Weitere Forschungsschwerpunkte Burdachs waren neben der Entwicklungsgeschichte des Gehirns die Pathologie, Heilmittellehre, Diätetik sowie die Allgemeinmedizin. Daneben beschäftigte er sich mit der Impotenz des Mannes – er empfiehlt als Therapie ein französisches Geheimmittel –, arbeitete über den Schlaganfall, gab ein Recepttaschenbuch für angehende Aerzte heraus, verfaßte eine Schrift über die Cholera, trug über die Physiologie des Herzens vor, prägte 1800 den Begriff ‘Morphologie’, widmete sich anthropologischen und gerichtsmedizinischen Themen, berichtete über die ”Waisenpflege” in Königsberg und interessierte sich für ”Kleinkinderschulen”. Diese Übersicht über das Schaffen Burdachs macht die Vielseitigkeit des weit über die Grenzen Deutschlands hinaus bekannten Gelehrten sichtbar, der nicht im universitären Elfenbeinturm lebte, sondern sich neben seinen morphologischen Untersuchungen auch sozialer Probleme annahm. Dieses gesellschaftliche Engagement zeichnete damals auch andere berühmte Mediziner, so z. B. Rudolf Virchow, aus.

Karl Friedrich Burdach verfaßte nicht nur umfangreiche Monographien, sondern war auch als Beiträger überregional renommierter wissenschaftlicher Zeitschriften und niveauvoller Publikumsjournale bekannt.

Von 1827 bis zu seinem Tod schränkte Burdach dann seine vielfältigen Arbeiten immer mehr ein, gab als 51jähriger zunächst die Leitung des Anatomischen Instituts ab und widmete sich nur noch seiner Vorlesungs- und Veröffentlichungstätigkeit. Auf Grund seiner hohen Reputation erhielt Burdach angesehene nationale und internationale Auszeichnungen, so z. B. 1831 die Goldmedaille der Akademie der Wissenschaften zu Paris. Er verstarb im Alter von 71 Jahren.

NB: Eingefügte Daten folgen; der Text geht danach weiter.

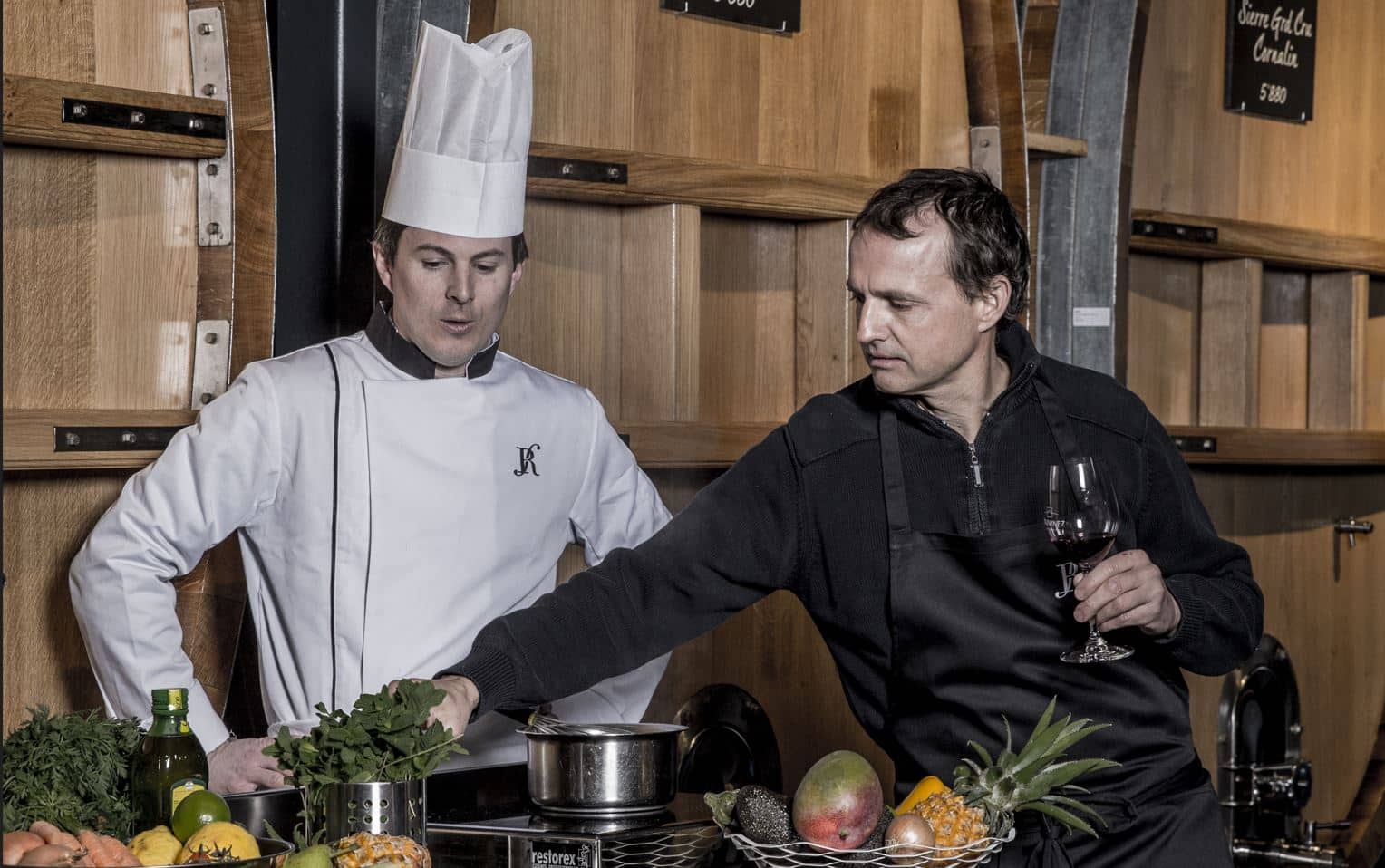 Un chef en toque et un homme en veste noire dégustant un verre de vin rouge préparent un plat dans une cave viticole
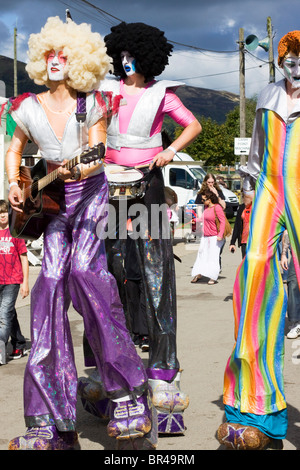 Men on stilts dressed as Rockers Stock Photo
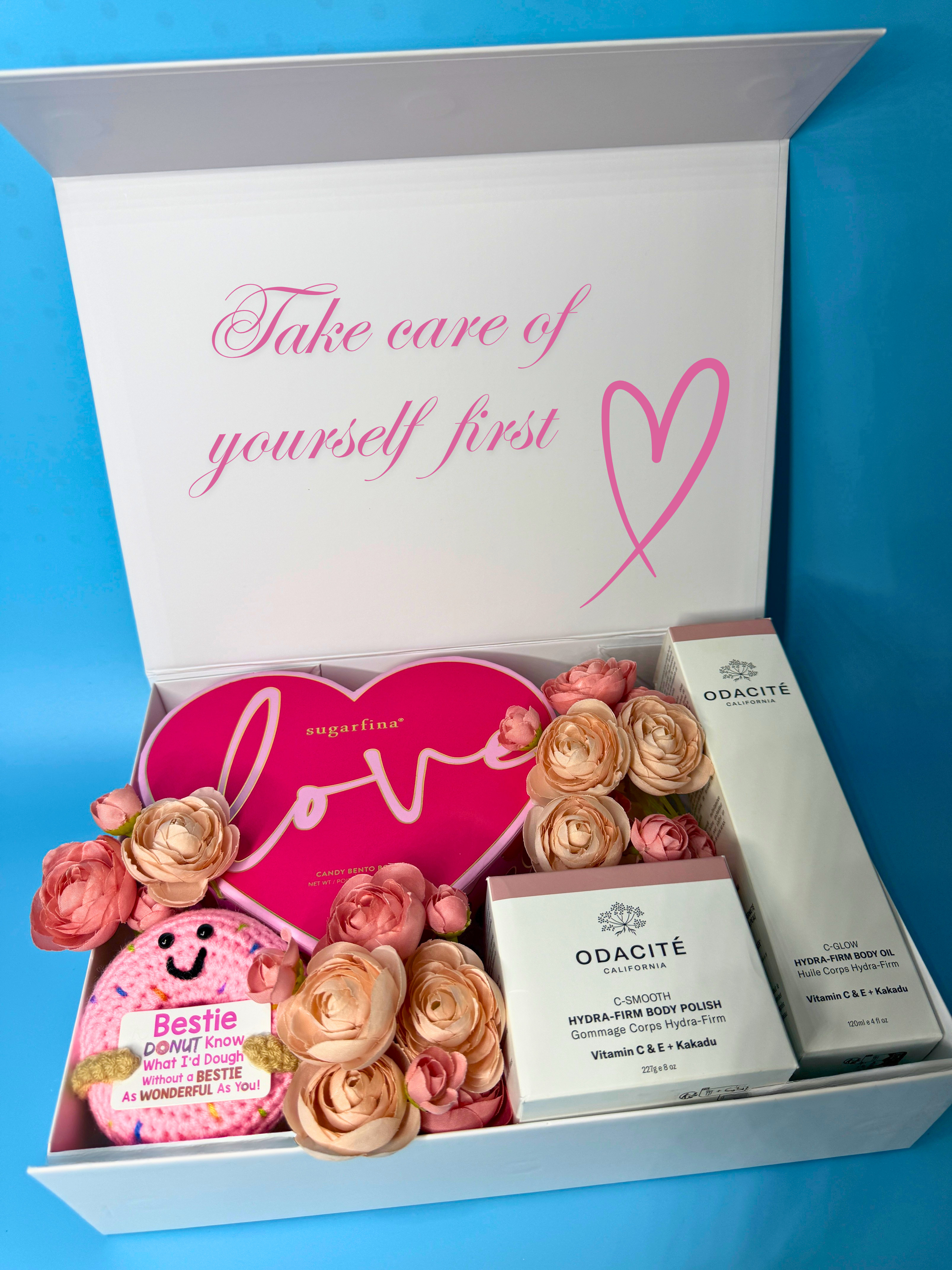 Gift box with a beautiful note on the lid, with flowers, a pink heart candy, and Odacite body care products. 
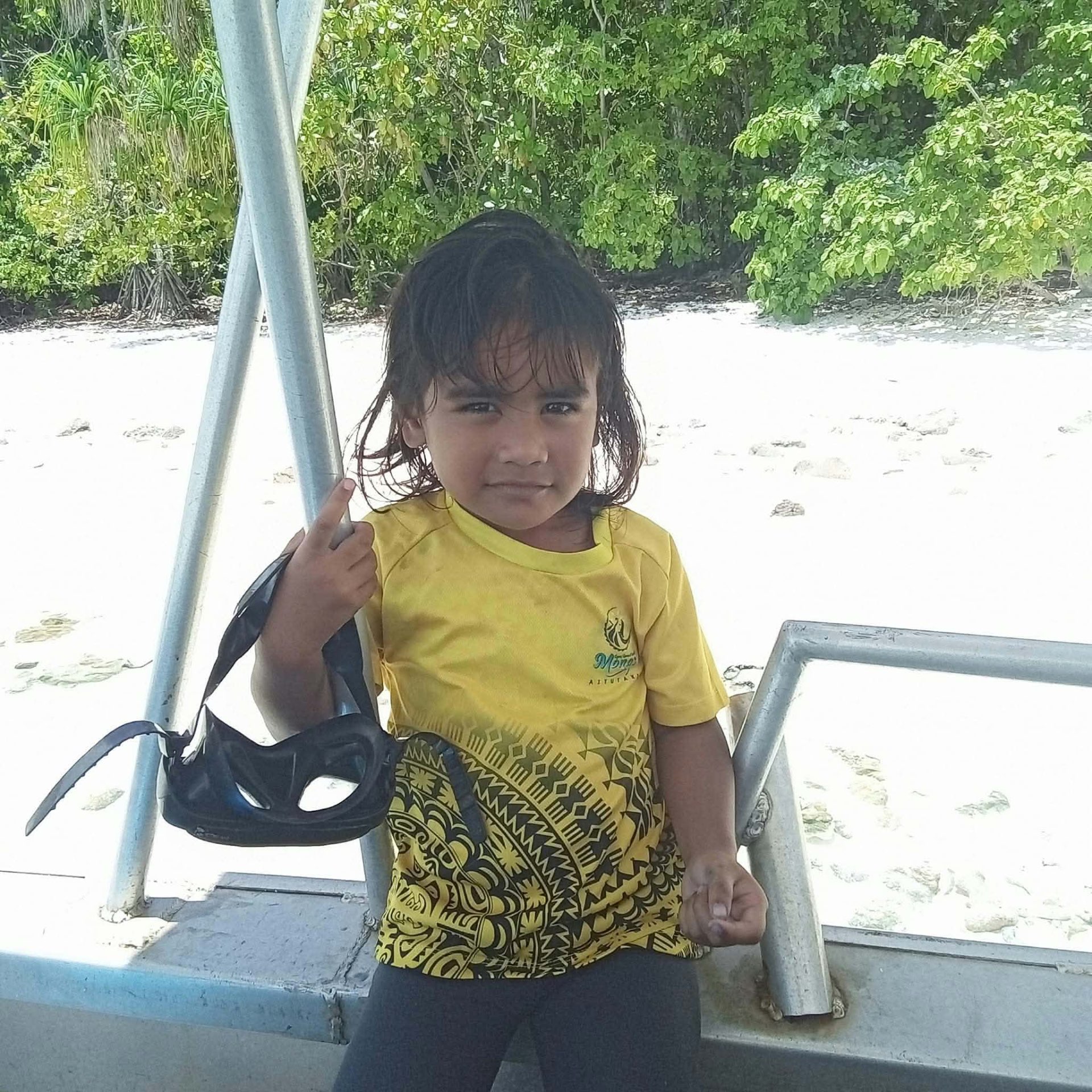A young child holding snorkelling gear beside Mona's Water Taxi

Lit.: Voit: Burdach, Karl Friedrich, in: Allg. Dt. Biogr., hrsg. durch die hist. Comm. bei d. Königl. Akad. d. Wiss., III, Leipzig 1876, Neudr. Berlin 1967, S. 578f. –  Wernich: Burdach, in: Biogr. Lex. d. hervorrag. Ärzte aller Zeiten und Völker, 2. Aufl. hrsg. von Franz Hübotter, I, Berlin und Wien 1929, S. 771f. –  K. Feremutsch: Organ der Seele. Beitrag zur Geschichte der romantischen Medizin nach den Werken Karl Friedrich Burdachs (1776–1847), in: Mschr. Psych. Neurol. 125 (1953), S. 371–385. – A. W. Meyer: Human Generation. Conclusions of Burdach, Döllinger and von Baer, London und Stanford 1956. – A. Meyer: Karl Friedrich Burdach on Thomas Willis, in: J. neurol. Sci. 3 (1966), S. 109–116. – Alan S. Kay: Burdach, Karl Friedrich, in: Dict. of Scient. Biogr., hrsg. von Charles Coulston Gillispie, II, New York 1970, S. 594–597. – Alfred Meyer: Karl Friedrich Burdach and his place in the history of neuroanatomy, in: J. Neurol. Neurosurg. Psychiat. 33 (1970), S. 553–561. – Werner E. Gerabek: Karl Friedrich Burdach (1776–1847). Anatom und Physiologe, in: Die Albertus-Universität zu Königsberg und ihre Professoren, hrsg. v. Dietrich Rauschning und Donata von Nerée, Berlin 1995 (= Jahrbuch der Albertus-Universität, 29 [1994]), S. 407–416.